**** AVAILABLE DATA
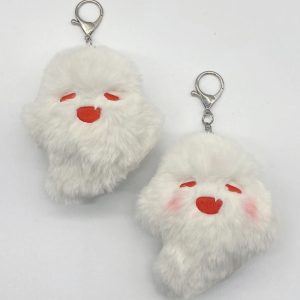 Dois chaveiros de pelúcia do fantasminha branco da Hu Tao, de Genshin Impact, com mosquetão
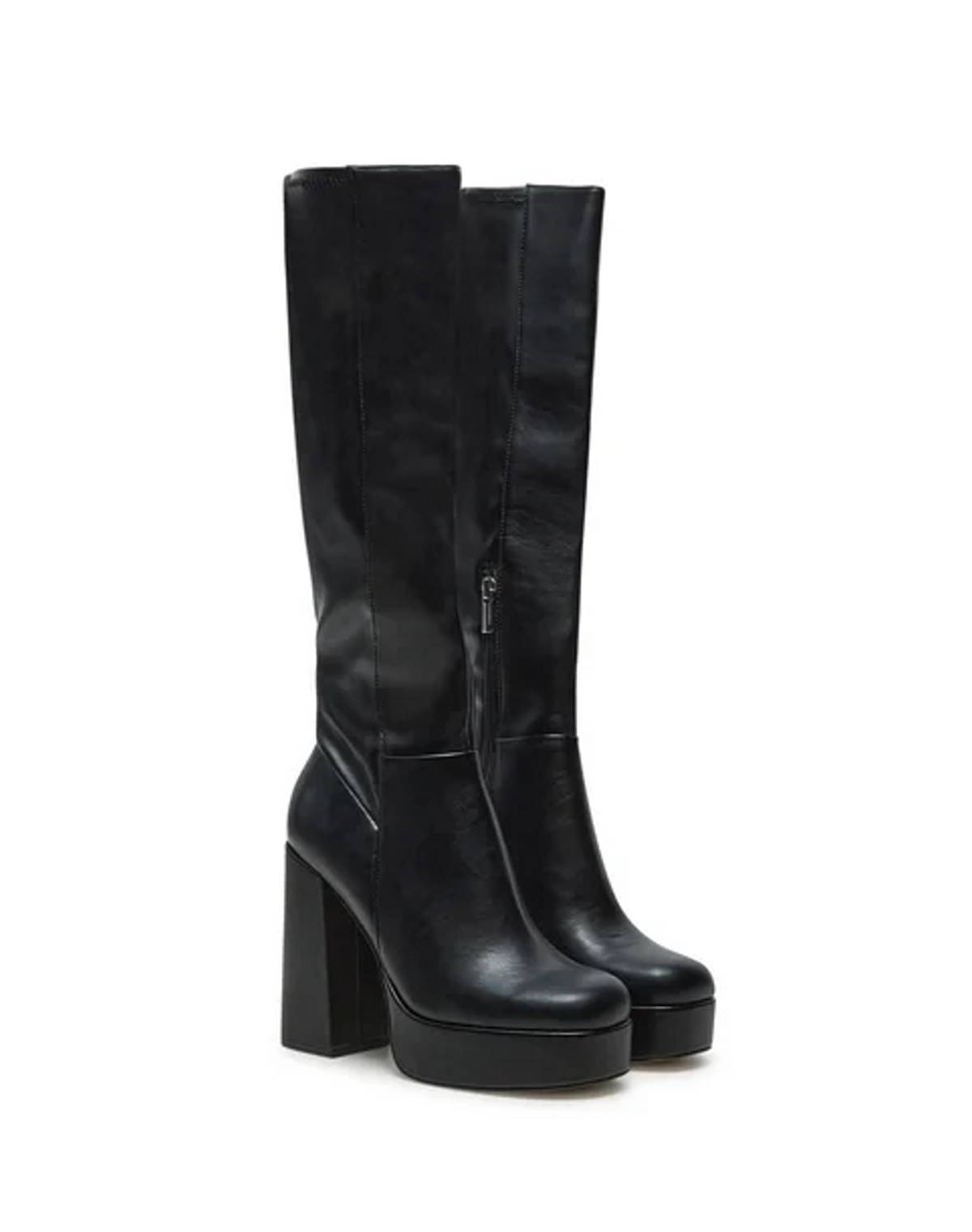 Ελεωνόρα Ζουγανέλη: Η total black εμφάνιση και οι 2 τάσεις που έκαναν τη διαφορά στο look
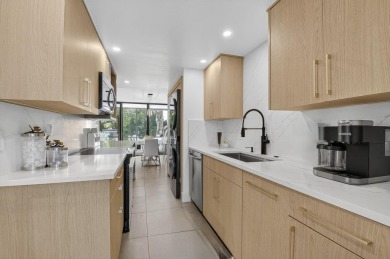 Lake Condo For Sale in Boca Raton, Florida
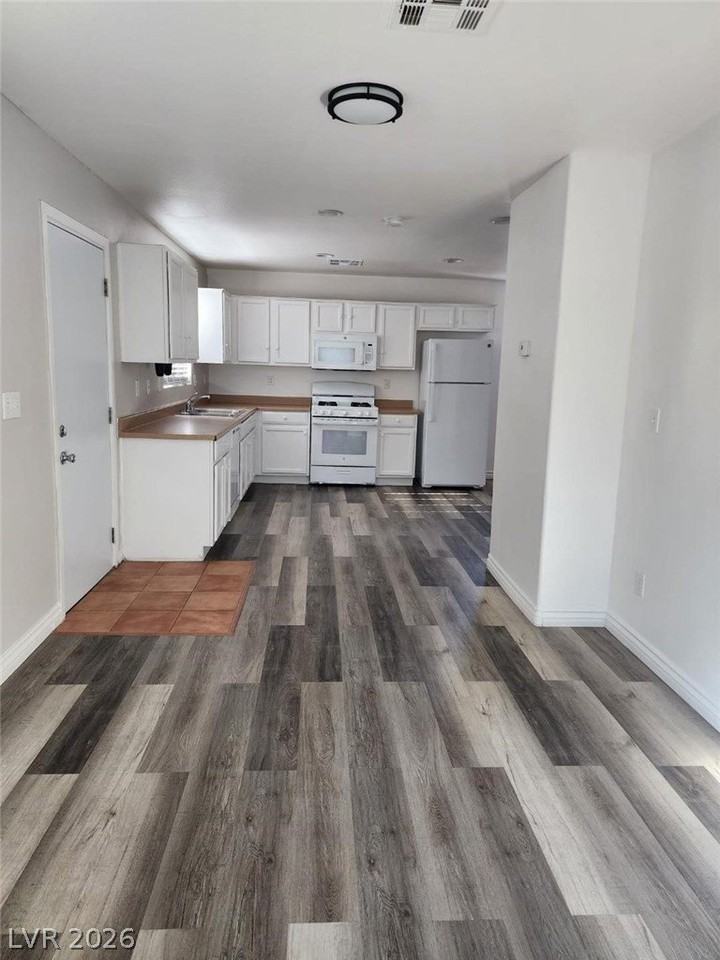 5150 Starter Ave - Photo 2 of 5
********
### [WHAT TO DO]
The task requires that every line above be transcribed exactly, without the images.

### [ANSWER FOR THE TASK]
 Dois chaveiros de pelúcia do fantasminha branco da Hu Tao, de Genshin Impact, com mosquetão
 Ελεωνόρα Ζουγανέλη: Η total black εμφάνιση και οι 2 τάσεις που έκαναν τη διαφορά στο look
 Lake Condo For Sale in Boca Raton, Florida
 5150 Starter Ave - Photo 2 of 5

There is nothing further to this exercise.